Protect the Adirondacks and the Sierra Club announced Monday they have submitted a formal request to the APA asking it to tell the ACR it can't issue final permits since it hasn't met the conditions required with its approval.
They argue that Preserve Associates, the development group proposing the project, hasn't completed conditions requiring them to complete a number of studies and revised plans. They noted that none of the 14 draft permits have had final permits issued for them yet, no extensions or modifications have been sought, and no filings of additional information have been made by the ACR.
The APA Act calls for approvals subject to conditions to expire in six months if the conditions related to the approval are not met, the groups say.
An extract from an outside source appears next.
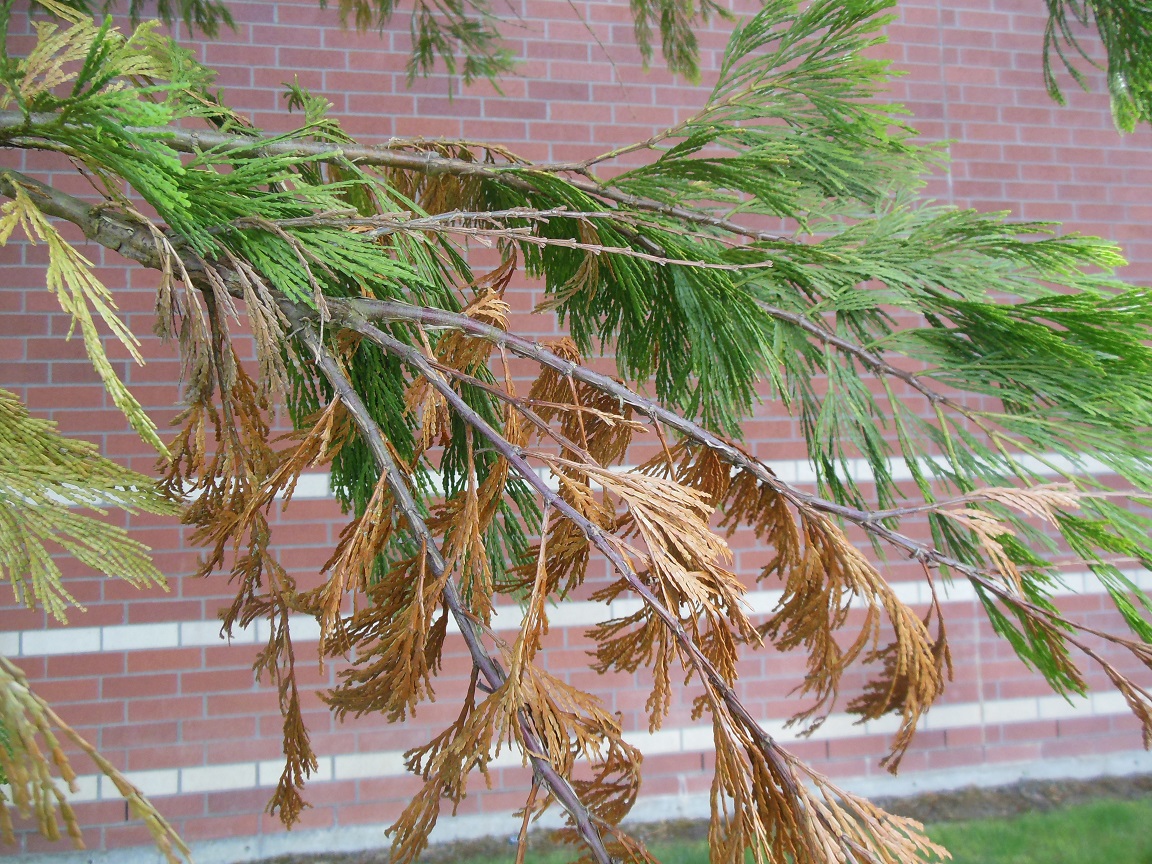 What’s causing all that dieback in Incensecedar? « TreeTopics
"The order is clearly an 'approval subject to conditions,'" Protect attorney John Caffry wrote in a Sept. 5 letter to the APA.
He said in a press release that for the project to move forward, developers need to start the entire permitting process - which has lasted eight years by now - over from the beginning.
But APA spokesman Keith McKeever said the six-month requirement is the standard, but the law allows for specifying another timeline, which he said was done in the ACR's project order.
"In this case, because it's a phased project going over a long period of time ... we have a 10-year time period," McKeever told the Enterprise. "It's right on page one, paragraph two of the project order."
THE ADIRONDACK CLUB AND RESORT, proposed by a Pennsylvania-based investment group called Preserve Associates, would overhaul the Big Tupper Ski Area in Tupper Lake and build out the land around it with about 700 luxury housing units and various amenities including a spa, a marina and an equestrian center. The project received permits from the state Adirondack Park Agency on Jan. 20 after eight years of negotiating, reworking the application and an extensive adjudicatory hearing.
In March, two environmental groups and three nearby landowners filed a lawsuit to challenge the APA's decision. That suit is working its way through state courts.
In addition, the project must also obtain a number of other approvals, including from the state departments of Environmental Conservation and Health, the U.S. Army Corps of Engineers and the local town-village planning board.
"With all due respect to Keith, he is wrong," Caffry wrote in an email to the Enterprise.
He argues that the 10-year period only comes into play once the permits are issued, and they haven't been yet. That means the provision for conditional approval must be followed, which means the developers had six months to complete any conditions.
Lead ACR developer Michael Foxman called the move a delay tactic and said it's the other way around. He suggested Caffry is intentionally confusing the project order and the decision to approve the project with the project's permits. He argues the decision was not conditional while the permits have conditions in them.
"What Caffry has done is taken a time period that applies only to a conditional order and tried to apply it to an unconditional order," Foxman said. "There are a lot of things that have to be done before conveyance, but those aren't conditions. The conditions that most of what you're thinking about ... are the conditions in the individual 14 permits, but they are not conditions to the APA decision. They are conditions of the permits that will be granted when we apply for them."
Foxman said he believes the issue is an attempt by Protect and the Sierra Club to create doubt in the community about the project and to further delay it.